What you have to do:
Using the listing below, set down exactly the lines starting at the line that contains "Charming two-story home" and ending at the line that contains "Habitación Cuádruple del", both included, and no others.

Entries supplied:
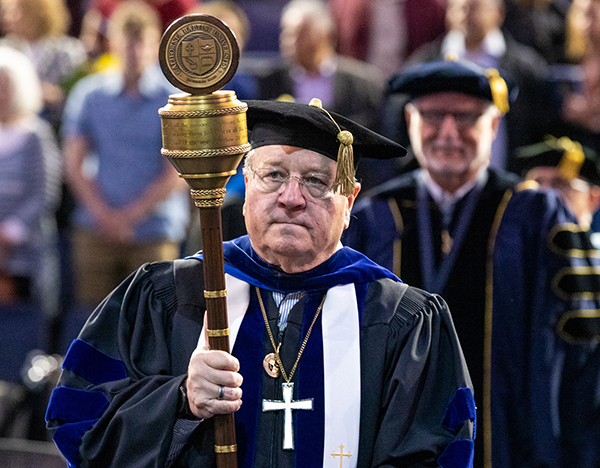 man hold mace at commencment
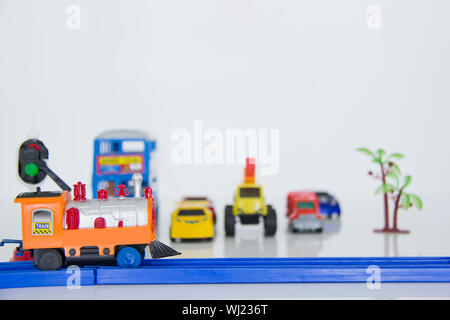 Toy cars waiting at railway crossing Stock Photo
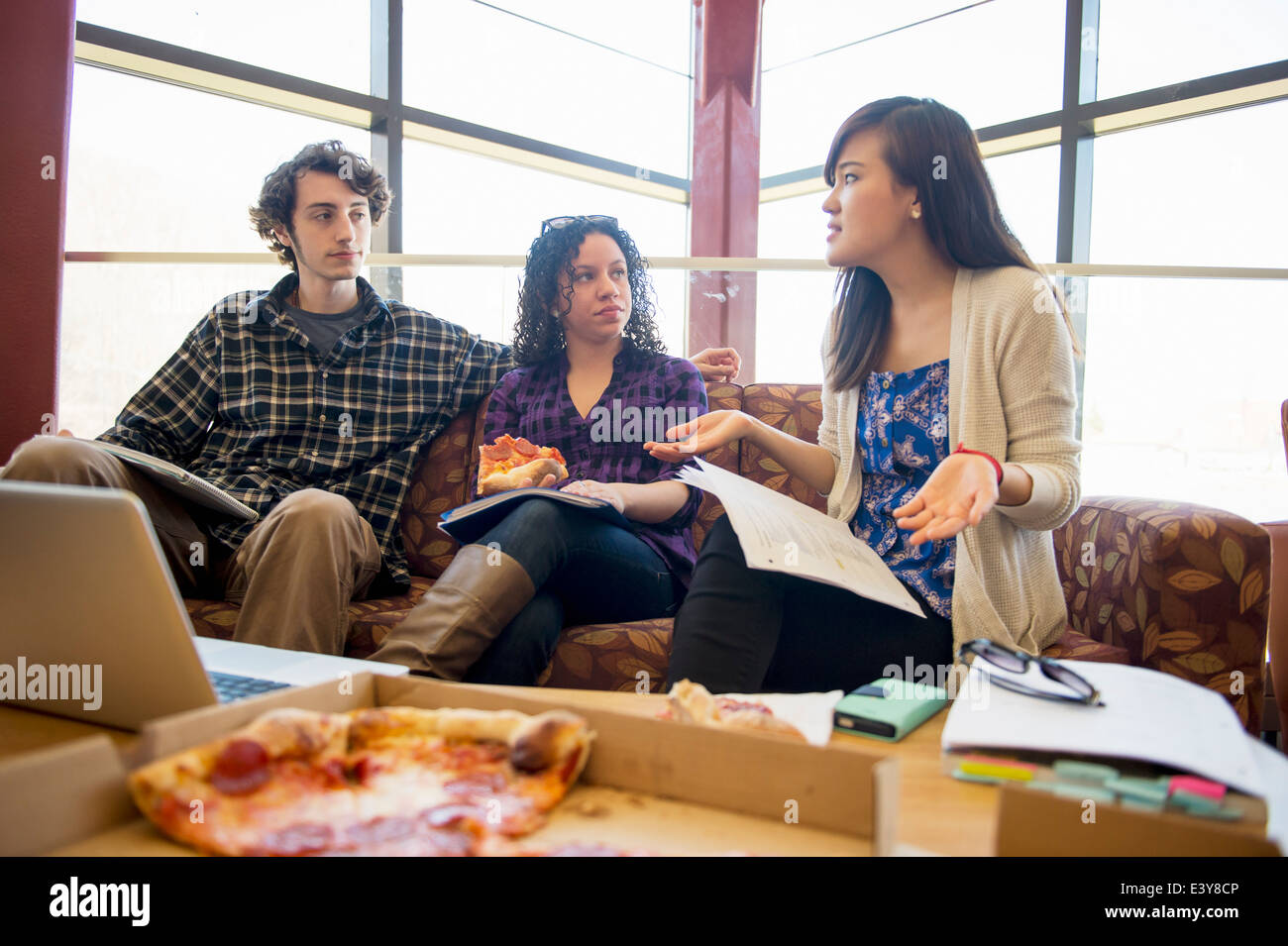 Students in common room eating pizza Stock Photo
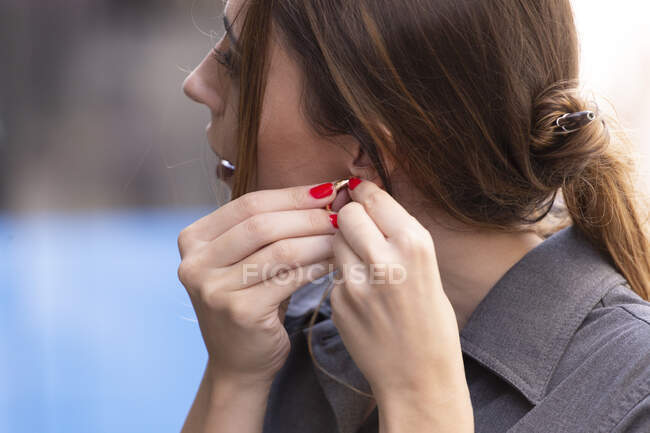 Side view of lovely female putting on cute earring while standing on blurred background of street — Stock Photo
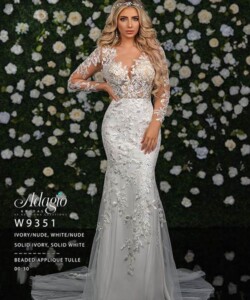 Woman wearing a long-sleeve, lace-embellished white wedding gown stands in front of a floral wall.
==
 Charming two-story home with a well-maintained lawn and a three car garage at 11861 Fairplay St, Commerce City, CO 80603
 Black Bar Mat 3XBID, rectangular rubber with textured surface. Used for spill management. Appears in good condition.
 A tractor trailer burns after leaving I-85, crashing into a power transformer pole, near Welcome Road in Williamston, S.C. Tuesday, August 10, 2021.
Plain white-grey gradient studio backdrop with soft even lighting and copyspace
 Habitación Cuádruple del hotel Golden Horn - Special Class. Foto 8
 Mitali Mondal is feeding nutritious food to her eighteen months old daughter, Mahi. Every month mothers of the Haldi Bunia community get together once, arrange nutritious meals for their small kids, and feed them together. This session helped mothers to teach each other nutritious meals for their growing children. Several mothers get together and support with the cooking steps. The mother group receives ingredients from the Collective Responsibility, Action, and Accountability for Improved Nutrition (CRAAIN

Answer to this problem:
 Charming two-story home with a well-maintained lawn and a three car garage at 11861 Fairplay St, Commerce City, CO 80603
 Black Bar Mat 3XBID, rectangular rubber with textured surface. Used for spill management. Appears in good condition.
 A tractor trailer burns after leaving I-85, crashing into a power transformer pole, near Welcome Road in Williamston, S.C. Tuesday, August 10, 2021.
Plain white-grey gradient studio backdrop with soft even lighting and copyspace
 Habitación Cuádruple del hotel Golden Horn - Special Class. Foto 8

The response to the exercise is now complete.